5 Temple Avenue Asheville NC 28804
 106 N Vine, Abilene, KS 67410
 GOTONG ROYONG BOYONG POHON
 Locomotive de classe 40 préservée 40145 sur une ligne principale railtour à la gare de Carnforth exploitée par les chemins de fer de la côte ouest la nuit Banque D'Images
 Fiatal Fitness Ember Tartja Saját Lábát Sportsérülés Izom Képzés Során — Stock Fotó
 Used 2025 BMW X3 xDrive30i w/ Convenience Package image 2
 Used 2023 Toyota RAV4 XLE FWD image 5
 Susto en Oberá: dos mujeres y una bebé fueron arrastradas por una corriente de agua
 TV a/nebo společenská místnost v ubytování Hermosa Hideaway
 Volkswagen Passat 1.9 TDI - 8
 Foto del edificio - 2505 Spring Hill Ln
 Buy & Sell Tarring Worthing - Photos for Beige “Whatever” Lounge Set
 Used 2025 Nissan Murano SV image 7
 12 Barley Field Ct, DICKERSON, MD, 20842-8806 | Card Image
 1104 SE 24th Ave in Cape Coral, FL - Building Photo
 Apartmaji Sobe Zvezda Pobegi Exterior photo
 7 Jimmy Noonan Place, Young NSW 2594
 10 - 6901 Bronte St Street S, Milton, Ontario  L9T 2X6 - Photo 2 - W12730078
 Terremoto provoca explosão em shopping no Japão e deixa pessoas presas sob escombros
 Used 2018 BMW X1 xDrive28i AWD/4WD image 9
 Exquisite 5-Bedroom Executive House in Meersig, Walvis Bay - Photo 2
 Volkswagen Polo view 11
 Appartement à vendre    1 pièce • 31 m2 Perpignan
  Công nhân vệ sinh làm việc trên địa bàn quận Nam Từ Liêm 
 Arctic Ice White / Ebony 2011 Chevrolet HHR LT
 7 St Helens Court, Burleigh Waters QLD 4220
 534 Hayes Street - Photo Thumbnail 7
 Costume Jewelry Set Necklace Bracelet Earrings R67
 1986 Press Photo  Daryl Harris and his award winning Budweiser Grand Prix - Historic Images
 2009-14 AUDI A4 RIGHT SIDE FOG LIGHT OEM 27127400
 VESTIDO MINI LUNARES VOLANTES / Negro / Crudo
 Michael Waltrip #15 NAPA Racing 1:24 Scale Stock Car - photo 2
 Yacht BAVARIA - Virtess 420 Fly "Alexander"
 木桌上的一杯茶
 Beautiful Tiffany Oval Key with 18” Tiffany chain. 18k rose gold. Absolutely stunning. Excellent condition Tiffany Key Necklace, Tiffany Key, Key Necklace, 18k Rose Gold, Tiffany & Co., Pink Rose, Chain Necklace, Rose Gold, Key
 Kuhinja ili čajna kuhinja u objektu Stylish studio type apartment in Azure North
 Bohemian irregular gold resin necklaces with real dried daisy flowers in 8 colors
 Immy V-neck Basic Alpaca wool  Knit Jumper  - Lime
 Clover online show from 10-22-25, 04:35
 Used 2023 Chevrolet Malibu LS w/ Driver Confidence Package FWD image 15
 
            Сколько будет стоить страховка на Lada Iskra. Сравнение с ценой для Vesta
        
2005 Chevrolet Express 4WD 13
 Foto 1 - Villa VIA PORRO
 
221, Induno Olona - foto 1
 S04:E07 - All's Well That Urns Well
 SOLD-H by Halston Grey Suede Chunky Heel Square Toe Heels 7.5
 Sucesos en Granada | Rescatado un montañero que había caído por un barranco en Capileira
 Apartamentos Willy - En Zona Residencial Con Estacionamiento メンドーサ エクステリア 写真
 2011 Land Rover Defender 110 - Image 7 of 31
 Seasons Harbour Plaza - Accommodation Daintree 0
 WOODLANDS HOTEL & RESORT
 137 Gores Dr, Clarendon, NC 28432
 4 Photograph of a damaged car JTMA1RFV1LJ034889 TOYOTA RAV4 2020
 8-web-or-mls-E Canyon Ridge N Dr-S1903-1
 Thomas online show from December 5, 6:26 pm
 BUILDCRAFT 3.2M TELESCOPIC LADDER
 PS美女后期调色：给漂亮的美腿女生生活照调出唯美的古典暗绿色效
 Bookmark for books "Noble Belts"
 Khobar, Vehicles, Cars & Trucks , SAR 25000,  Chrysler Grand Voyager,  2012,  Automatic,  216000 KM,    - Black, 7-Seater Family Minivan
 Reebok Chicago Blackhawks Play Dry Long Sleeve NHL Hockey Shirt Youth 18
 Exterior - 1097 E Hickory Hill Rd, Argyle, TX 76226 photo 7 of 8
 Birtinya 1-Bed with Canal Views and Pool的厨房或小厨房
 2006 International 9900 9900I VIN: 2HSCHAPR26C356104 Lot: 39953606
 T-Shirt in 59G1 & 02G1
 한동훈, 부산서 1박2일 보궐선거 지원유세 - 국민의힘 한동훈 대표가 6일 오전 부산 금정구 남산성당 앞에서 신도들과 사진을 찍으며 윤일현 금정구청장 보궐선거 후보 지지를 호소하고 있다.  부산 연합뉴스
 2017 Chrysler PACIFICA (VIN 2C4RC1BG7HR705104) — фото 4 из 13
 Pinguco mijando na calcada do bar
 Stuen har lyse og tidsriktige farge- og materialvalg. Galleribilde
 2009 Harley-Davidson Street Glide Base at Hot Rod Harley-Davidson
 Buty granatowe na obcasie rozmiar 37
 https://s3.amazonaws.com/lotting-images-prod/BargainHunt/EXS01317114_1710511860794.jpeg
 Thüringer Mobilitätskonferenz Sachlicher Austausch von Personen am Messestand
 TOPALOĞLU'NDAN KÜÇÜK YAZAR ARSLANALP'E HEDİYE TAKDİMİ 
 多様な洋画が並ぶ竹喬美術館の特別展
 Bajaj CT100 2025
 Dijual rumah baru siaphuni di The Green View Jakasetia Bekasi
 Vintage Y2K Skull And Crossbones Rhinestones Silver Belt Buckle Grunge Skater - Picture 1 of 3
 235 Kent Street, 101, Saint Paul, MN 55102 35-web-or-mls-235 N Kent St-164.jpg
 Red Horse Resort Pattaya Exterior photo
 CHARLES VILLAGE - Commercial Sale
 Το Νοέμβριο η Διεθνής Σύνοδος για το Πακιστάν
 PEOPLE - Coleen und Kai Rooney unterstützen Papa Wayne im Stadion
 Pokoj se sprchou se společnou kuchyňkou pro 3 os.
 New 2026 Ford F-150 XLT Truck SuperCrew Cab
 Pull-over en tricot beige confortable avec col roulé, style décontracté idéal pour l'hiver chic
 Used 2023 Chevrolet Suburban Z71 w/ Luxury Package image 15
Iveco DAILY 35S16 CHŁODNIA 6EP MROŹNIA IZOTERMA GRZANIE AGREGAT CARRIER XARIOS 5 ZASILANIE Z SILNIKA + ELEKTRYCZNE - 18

### [Task statement]
Retype the listing exactly, in full.

### [Answer for this exercise]
5 Temple Avenue Asheville NC 28804
 106 N Vine, Abilene, KS 67410
 GOTONG ROYONG BOYONG POHON
 Locomotive de classe 40 préservée 40145 sur une ligne principale railtour à la gare de Carnforth exploitée par les chemins de fer de la côte ouest la nuit Banque D'Images
 Fiatal Fitness Ember Tartja Saját Lábát Sportsérülés Izom Képzés Során — Stock Fotó
 Used 2025 BMW X3 xDrive30i w/ Convenience Package image 2
 Used 2023 Toyota RAV4 XLE FWD image 5
 Susto en Oberá: dos mujeres y una bebé fueron arrastradas por una corriente de agua
 TV a/nebo společenská místnost v ubytování Hermosa Hideaway
 Volkswagen Passat 1.9 TDI - 8
 Foto del edificio - 2505 Spring Hill Ln
 Buy & Sell Tarring Worthing - Photos for Beige “Whatever” Lounge Set
 Used 2025 Nissan Murano SV image 7
 12 Barley Field Ct, DICKERSON, MD, 20842-8806 | Card Image
 1104 SE 24th Ave in Cape Coral, FL - Building Photo
 Apartmaji Sobe Zvezda Pobegi Exterior photo
 7 Jimmy Noonan Place, Young NSW 2594
 10 - 6901 Bronte St Street S, Milton, Ontario  L9T 2X6 - Photo 2 - W12730078
 Terremoto provoca explosão em shopping no Japão e deixa pessoas presas sob escombros
 Used 2018 BMW X1 xDrive28i AWD/4WD image 9
 Exquisite 5-Bedroom Executive House in Meersig, Walvis Bay - Photo 2
 Volkswagen Polo view 11
 Appartement à vendre    1 pièce • 31 m2 Perpignan
  Công nhân vệ sinh làm việc trên địa bàn quận Nam Từ Liêm 
 Arctic Ice White / Ebony 2011 Chevrolet HHR LT
 7 St Helens Court, Burleigh Waters QLD 4220
 534 Hayes Street - Photo Thumbnail 7
 Costume Jewelry Set Necklace Bracelet Earrings R67
 1986 Press Photo  Daryl Harris and his award winning Budweiser Grand Prix - Historic Images
 2009-14 AUDI A4 RIGHT SIDE FOG LIGHT OEM 27127400
 VESTIDO MINI LUNARES VOLANTES / Negro / Crudo
 Michael Waltrip #15 NAPA Racing 1:24 Scale Stock Car - photo 2
 Yacht BAVARIA - Virtess 420 Fly "Alexander"
 木桌上的一杯茶
 Beautiful Tiffany Oval Key with 18” Tiffany chain. 18k rose gold. Absolutely stunning. Excellent condition Tiffany Key Necklace, Tiffany Key, Key Necklace, 18k Rose Gold, Tiffany & Co., Pink Rose, Chain Necklace, Rose Gold, Key
 Kuhinja ili čajna kuhinja u objektu Stylish studio type apartment in Azure North
 Bohemian irregular gold resin necklaces with real dried daisy flowers in 8 colors
 Immy V-neck Basic Alpaca wool  Knit Jumper  - Lime
 Clover online show from 10-22-25, 04:35
 Used 2023 Chevrolet Malibu LS w/ Driver Confidence Package FWD image 15
 
            Сколько будет стоить страховка на Lada Iskra. Сравнение с ценой для Vesta
        
2005 Chevrolet Express 4WD 13
 Foto 1 - Villa VIA PORRO
 
221, Induno Olona - foto 1
 S04:E07 - All's Well That Urns Well
 SOLD-H by Halston Grey Suede Chunky Heel Square Toe Heels 7.5
 Sucesos en Granada | Rescatado un montañero que había caído por un barranco en Capileira
 Apartamentos Willy - En Zona Residencial Con Estacionamiento メンドーサ エクステリア 写真
 2011 Land Rover Defender 110 - Image 7 of 31
 Seasons Harbour Plaza - Accommodation Daintree 0
 WOODLANDS HOTEL & RESORT
 137 Gores Dr, Clarendon, NC 28432
 4 Photograph of a damaged car JTMA1RFV1LJ034889 TOYOTA RAV4 2020
 8-web-or-mls-E Canyon Ridge N Dr-S1903-1
 Thomas online show from December 5, 6:26 pm
 BUILDCRAFT 3.2M TELESCOPIC LADDER
 PS美女后期调色：给漂亮的美腿女生生活照调出唯美的古典暗绿色效
 Bookmark for books "Noble Belts"
 Khobar, Vehicles, Cars & Trucks , SAR 25000,  Chrysler Grand Voyager,  2012,  Automatic,  216000 KM,    - Black, 7-Seater Family Minivan
 Reebok Chicago Blackhawks Play Dry Long Sleeve NHL Hockey Shirt Youth 18
 Exterior - 1097 E Hickory Hill Rd, Argyle, TX 76226 photo 7 of 8
 Birtinya 1-Bed with Canal Views and Pool的厨房或小厨房
 2006 International 9900 9900I VIN: 2HSCHAPR26C356104 Lot: 39953606
 T-Shirt in 59G1 & 02G1
 한동훈, 부산서 1박2일 보궐선거 지원유세 - 국민의힘 한동훈 대표가 6일 오전 부산 금정구 남산성당 앞에서 신도들과 사진을 찍으며 윤일현 금정구청장 보궐선거 후보 지지를 호소하고 있다.  부산 연합뉴스
 2017 Chrysler PACIFICA (VIN 2C4RC1BG7HR705104) — фото 4 из 13
 Pinguco mijando na calcada do bar
 Stuen har lyse og tidsriktige farge- og materialvalg. Galleribilde
 2009 Harley-Davidson Street Glide Base at Hot Rod Harley-Davidson
 Buty granatowe na obcasie rozmiar 37
 https://s3.amazonaws.com/lotting-images-prod/BargainHunt/EXS01317114_1710511860794.jpeg
 Thüringer Mobilitätskonferenz Sachlicher Austausch von Personen am Messestand
 TOPALOĞLU'NDAN KÜÇÜK YAZAR ARSLANALP'E HEDİYE TAKDİMİ 
 多様な洋画が並ぶ竹喬美術館の特別展
 Bajaj CT100 2025
 Dijual rumah baru siaphuni di The Green View Jakasetia Bekasi
 Vintage Y2K Skull And Crossbones Rhinestones Silver Belt Buckle Grunge Skater - Picture 1 of 3
 235 Kent Street, 101, Saint Paul, MN 55102 35-web-or-mls-235 N Kent St-164.jpg
 Red Horse Resort Pattaya Exterior photo
 CHARLES VILLAGE - Commercial Sale
 Το Νοέμβριο η Διεθνής Σύνοδος για το Πακιστάν
 PEOPLE - Coleen und Kai Rooney unterstützen Papa Wayne im Stadion
 Pokoj se sprchou se společnou kuchyňkou pro 3 os.
 New 2026 Ford F-150 XLT Truck SuperCrew Cab
 Pull-over en tricot beige confortable avec col roulé, style décontracté idéal pour l'hiver chic
 Used 2023 Chevrolet Suburban Z71 w/ Luxury Package image 15
Iveco DAILY 35S16 CHŁODNIA 6EP MROŹNIA IZOTERMA GRZANIE AGREGAT CARRIER XARIOS 5 ZASILANIE Z SILNIKA + ELEKTRYCZNE - 18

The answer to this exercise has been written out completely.